İki gün önce Cumhurbaşkanı Recep Tayyip Erdoğan da aynı iklimden söz etti. Hem de bilimin gelişmesi, yurt dışında yetişmiş Türkiyeli beyinlerin ülkeye dönüp katkı sunması konusunda konuştu.
Bakın ne dedi Cumhurbaşkanı Erdoğan: "Bizim geçmişle övünmek yerine bugün ‘neden olmuyor, bugün neden dünya bilimine yön veren bilim insanları yetişmiyor’ sorusunu kendimize her fırsatta sormamız gerekiyor. Eksik olan en başta iklimdir, atmosferdir, yani gerekli şartlardır.
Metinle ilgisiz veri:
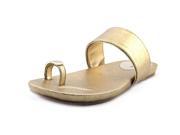 Alfani Bague Women US 7 Gold Slides Sandal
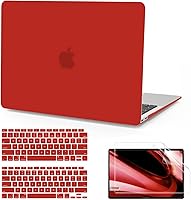 Vista 15 de B BELK Funda compatible con MacBook Air de 13 pulgadas 2022 2021 2020 2019 2018 A2337 M1 A2179 A1932 Touch ID, carcasa rígida de plástico mate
Bugün eğer Türkiye dâhil dünyadaki birçok ülkenin beyinleri kendi ülkelerini bırakıp Batı’daki bilim merkezlerine akın ediyor, oralarda da aradıklarını buluyorlarsa bu işte buradaki iklimin kaybolmasındandır. Bilim insanı özgür değilse, bilim insanı kendisini emniyette hissetmiyorsa, bilim insanı bilimden ziyade maişetini dert ediniyorsa, ilim sahibi olmanın yüksek payesini hissedemiyorsa, tarihte hep olduğu gibi kalkar daha uygun şartlara göç eder. Bizim işte bu iklimi yeniden oluşturmamız, yeniden inşa etmemiz gerekiyor. Bilimi, devletin ve siyasetin müdahalesinden, yargının müdahalesinden olduğu kadar, mahalle baskısından da kurtarıp, daha da özgür bir zemine kavuşturmak zorundayız.”
Cumhurbaşkanı Erdoğan, 'Bilim insanı özgür değilse, kendini güvende hissetmiyorsa...' derken doğru teşhiste bulunuyor.
Ama bir şey eksik: Neden kendini özgür hissetmiyor, neden kendini güvende hissetmiyor? Neden Türkiye'ye dönmemeyi veya buradaysa gitmeyi düşünüyor?
Ucu kendimize de dokunsa samimi cevaplar vermeliyiz bu sorulara...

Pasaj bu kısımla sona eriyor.